High-level Usage with `fvdb.nn`

fvdb.nn.SparseConv3d provides a high-level torch.nn.Module class for convolution on fvdb classes that is an analogue to the use of torch.nn.Conv3d. Using this module is the recommended functionality for performing convolution with fvdb because it not only manages functionality such as initializing the weights of the convolution and calling appropriate backend implementation functions but it also provides certain backend optimizations which will be illustrated in the Low-level usage section.

fvdb.nn.SparseConv3d takes explicit (data: JaggedTensor, plan: ConvolutionPlan) arguments — topology and features are always passed separately. A ConvolutionPlan precomputes the necessary acceleration structures for a given grid and kernel configuration.

A simple example of using fvdb.nn.SparseConv3d is as follows:

import fvdb
import fvdb.nn as fvdbnn
from fvdb import ConvolutionPlan
from fvdb.utils.examples import load_car_1_mesh
import torch
import numpy as np
import point_cloud_utils as pcu

num_pts = 10_000
vox_size = 0.02

mesh_load_funcs = [load_car_1_mesh]

points = []
normals = []

for func in mesh_load_funcs:
    pts, nms = func(mode="vn")
    pmt = torch.randperm(pts.shape[0])[:num_pts]
    pts, nms = pts[pmt], nms[pmt]
    points.append(pts)
    normals.append(nms)

# JaggedTensors of points and normals
points = fvdb.JaggedTensor(points)
normals = fvdb.JaggedTensor(normals)

# Create a grid
grid = fvdb.GridBatch.from_points(points, voxel_sizes=vox_size)

# Splat the normals into the grid with trilinear interpolation
vox_normals = grid.splat_trilinear(points, normals)

# Build a ConvolutionPlan for stride=1 same-topology convolution
plan = ConvolutionPlan.from_grid_batch(kernel_size=3, stride=1, source_grid=grid, target_grid=grid)

# fvdb.nn.SparseConv3d is a convenient torch.nn.Module implementing the fVDB convolution
conv = fvdbnn.SparseConv3d(in_channels=3, out_channels=3, kernel_size=3, stride=1, bias=False).to(grid.device)

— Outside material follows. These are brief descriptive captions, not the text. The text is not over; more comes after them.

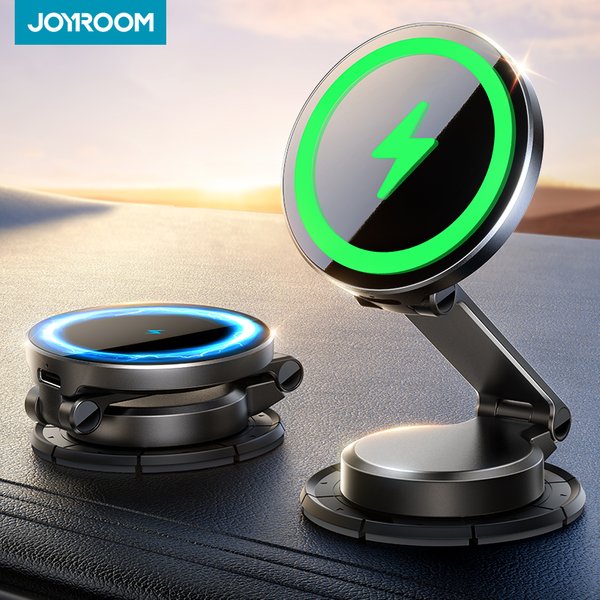 Joyroom Magnetyczny uchwyt samochodowy N55 Silny magnes 15 W Bezprzewodowe ładowanie 360 ° Obrotowy składany uchwyt na telefon Szybka ładowarka samochodowa JR-ZS408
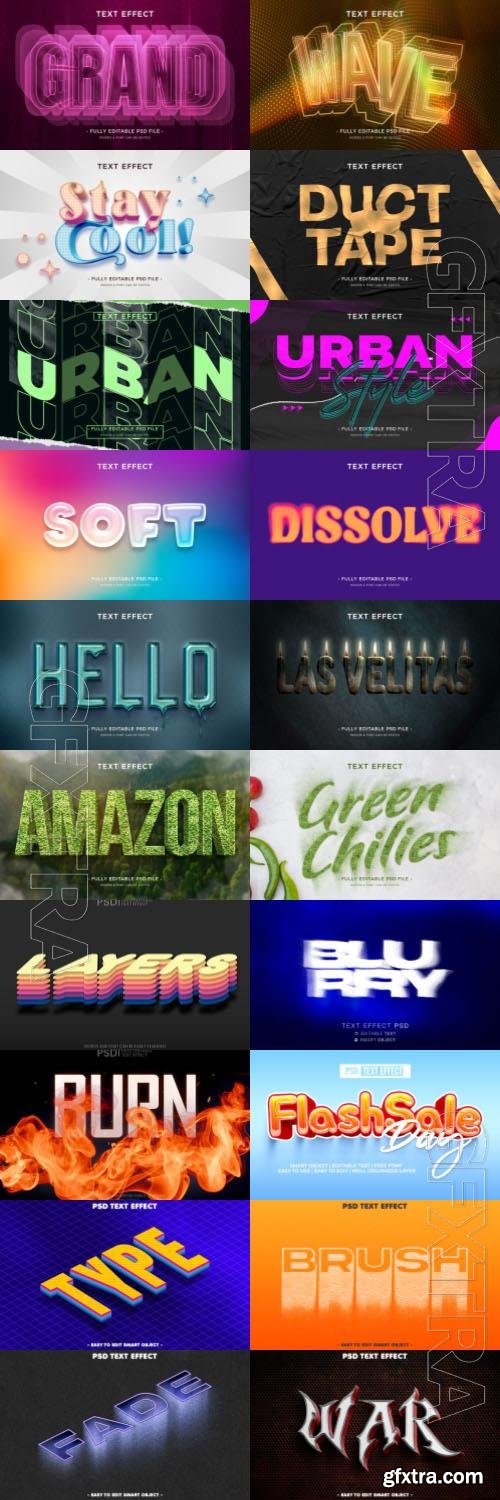 20 Psd style text effect editable set vol 70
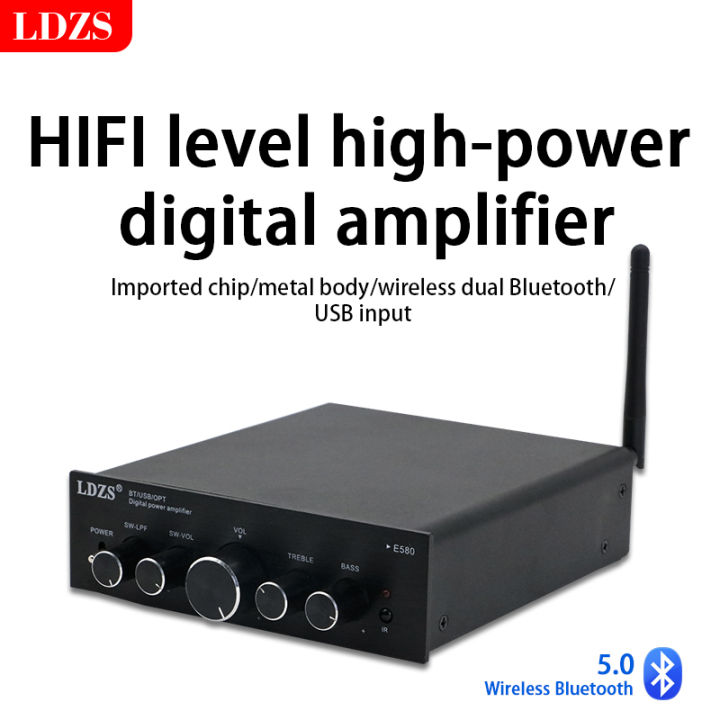 LDZS Bluetooth 5.0 HIFI Power Amplifier 100Wx2 Channel 2.1 Home Car Digital Audio AMP USB U-disK TF Music Player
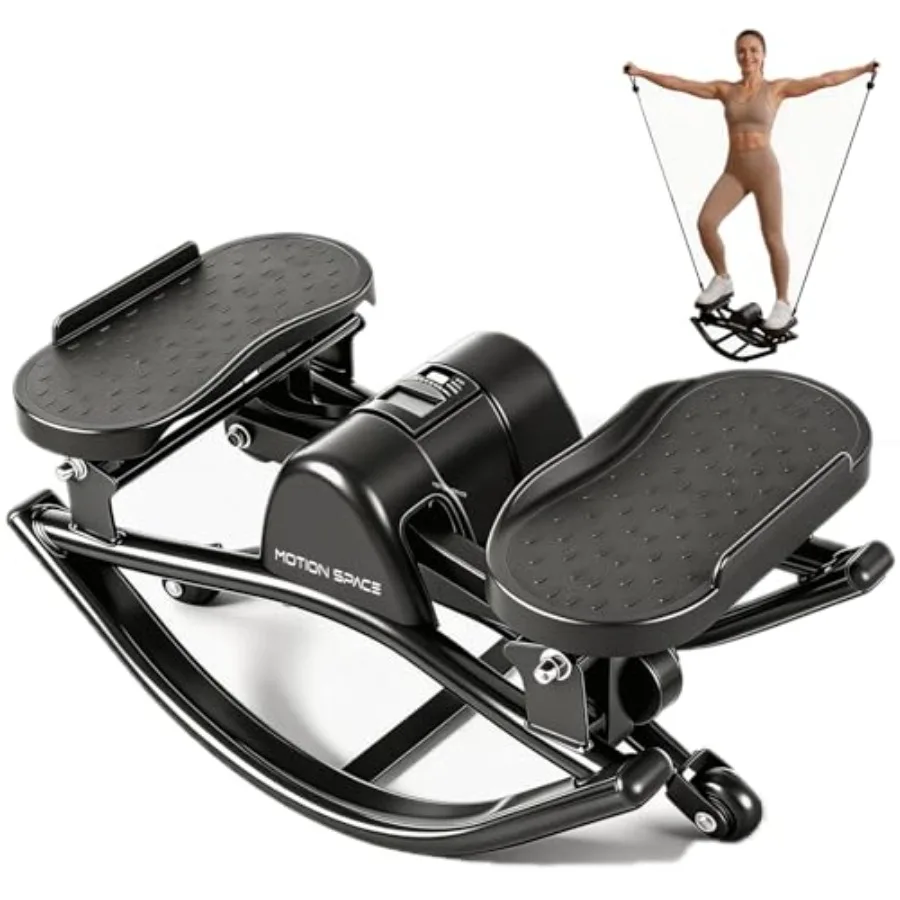 

Rocking Stepper Machine Fun Cardio Equipment with Resistance Bands Space Saving Fitness Stepper Quiet Skate Motion Workout for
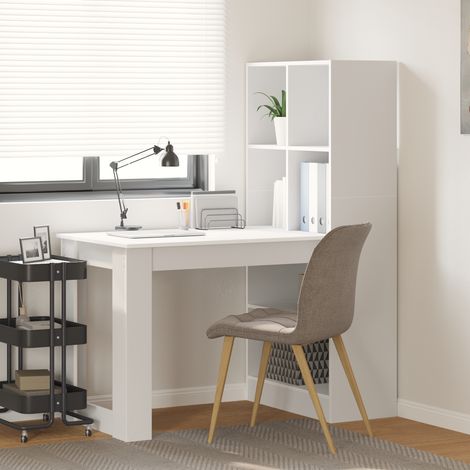 Schreibtisch mit Regal Weiß 122 x 67 x 145 cm Holzwerkstoff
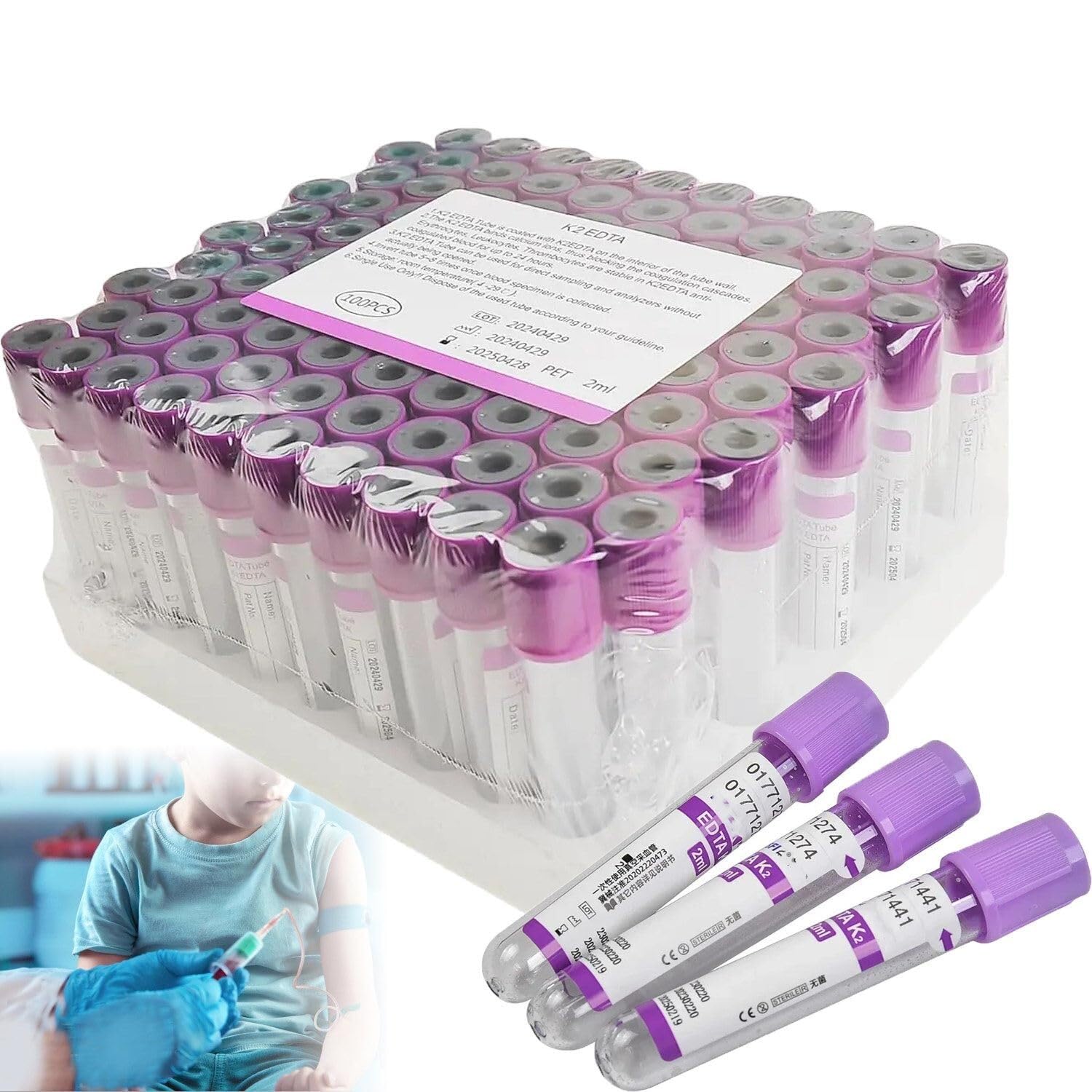 100 provette for prelievo di sangue sottovuoto (2 ml/3 ml/5 ml/10 ml), provette in plastica for animali domestici, for campionamento in laboratorio, separazione del siero, preparazione PRP(10ML)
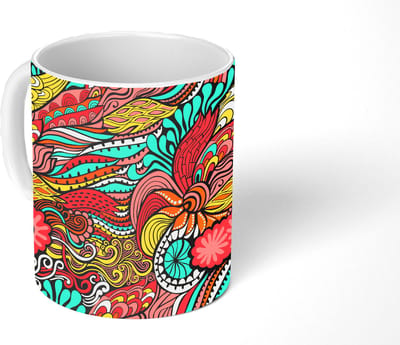 Mok - Koffiemok - Bohemian - Patronen - Bloemen - Mokken - 350 ML - Beker - Koffiemokken - Theemok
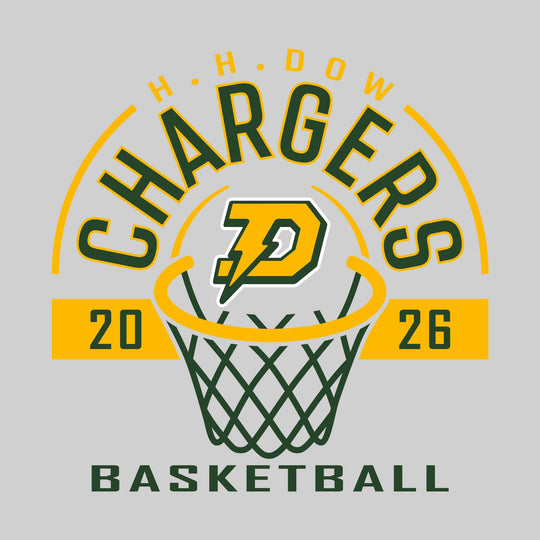 Midland Dow Chargers - Basketball - Arched Text with Center Mascot and Rim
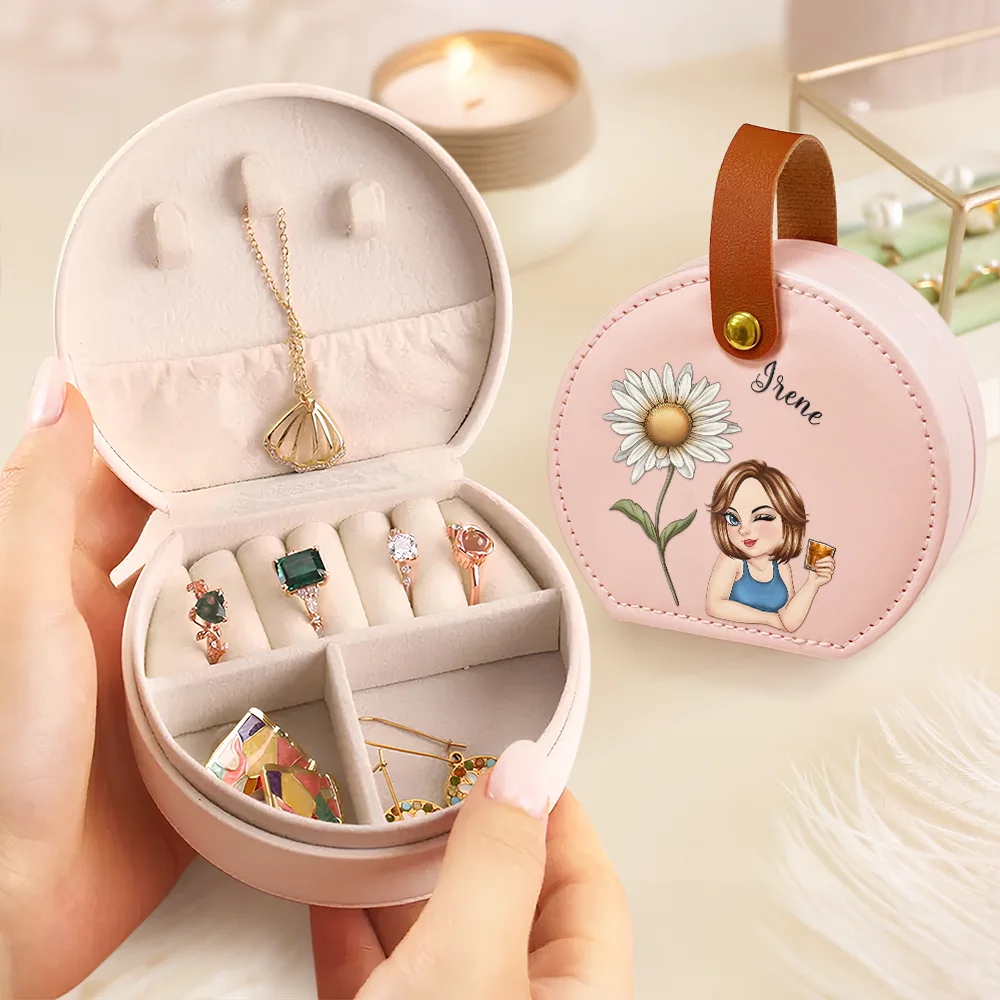 Birth Month Flowers Woman - Personalized Jewelry Box With Handle - Image 3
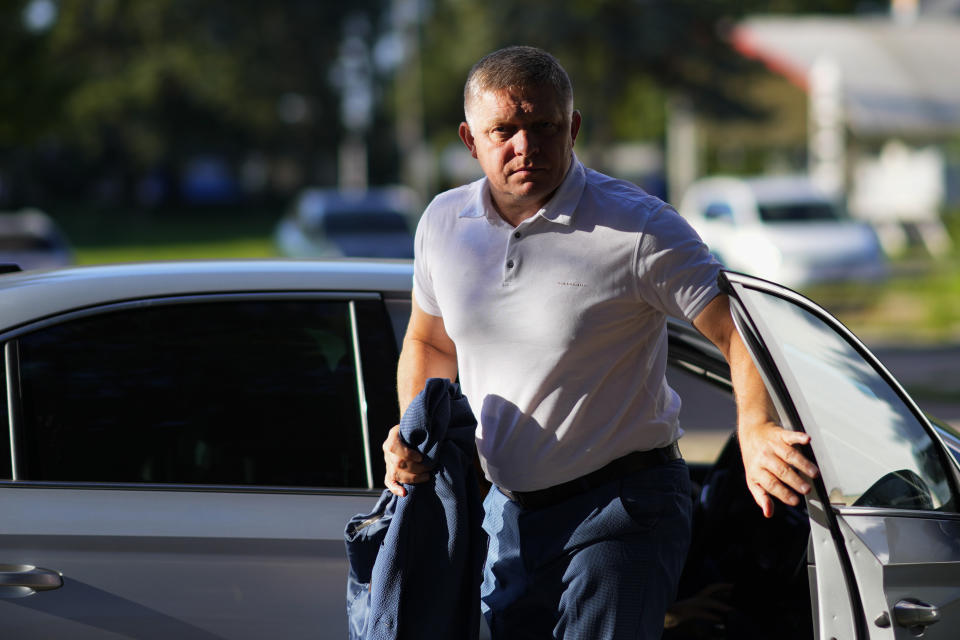 FILE - Former Slovak Prime Minister and head of leftist SMER - Social Democracy party Robert Fico arrives for an election rally in Michalovce, Slovakia, on Sept. 6, 2023. Slovakia holds early parliamentary elections on Saturday Oct. 30, 2023, with Fico and his scandal-tainted party favored to win after campaigning on a clear pro-Russian and anti-American message. (AP Photo/Petr David Josek, File)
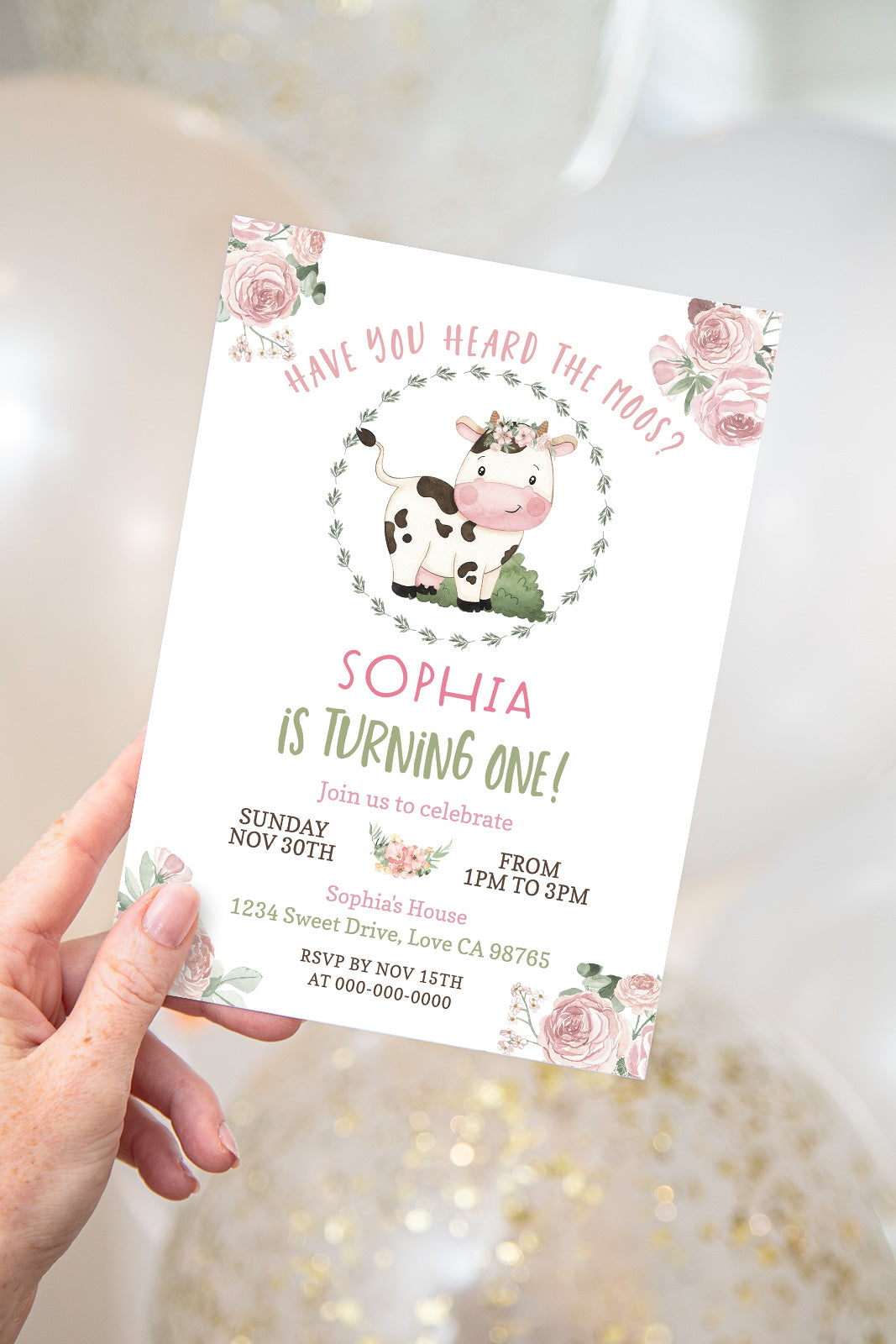 Girl Cow First Birthday Invitation | Editable Floral Farm Party Invite - 11A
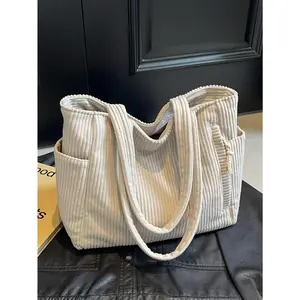Women's Solid Color Corduroy Tote Bag, Large Capacity Casual Shoulder Bag for Daily Commute & Shopping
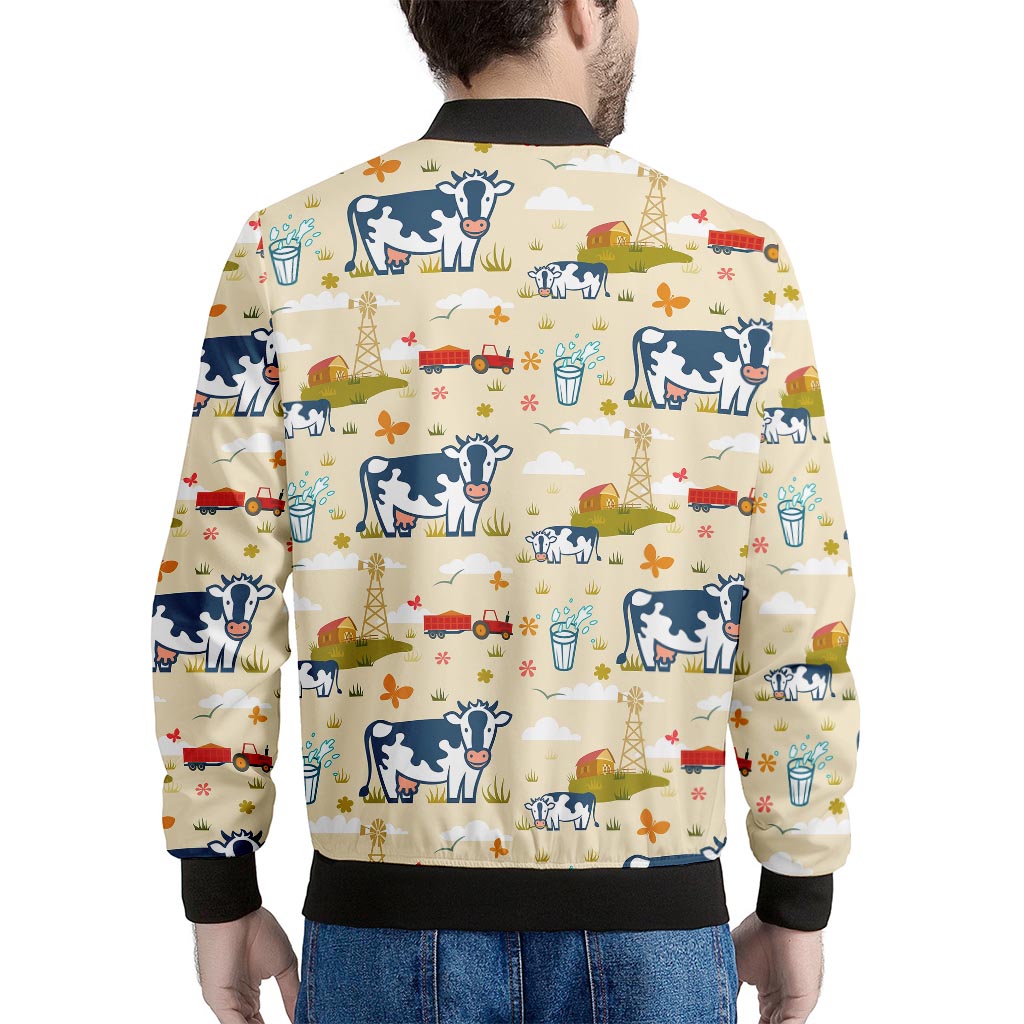 Cartoon Dairy Cow Farm Pattern Print Men's Bomber Jacket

output = conv(vox_normals, plan)

Let’s visualize the original grid with normals visualized as colours alongside the result of these features after a convolution initialized with random weights:

For stride values greater than 1, the output of the convolution will be a grid with a smaller resolution than the input grid (similar in topological effect to the output of a Pooling operator). Let’s illustrate this:

# Stride=2: output grid has half the resolution (twice the world-space voxel size)
plan_down = ConvolutionPlan.from_grid_batch(kernel_size=3, stride=2, source_grid=grid, target_grid=None)
conv_down = fvdbnn.SparseConv3d(in_channels=3, out_channels=3, kernel_size=3, stride=2, bias=False).to(grid.device)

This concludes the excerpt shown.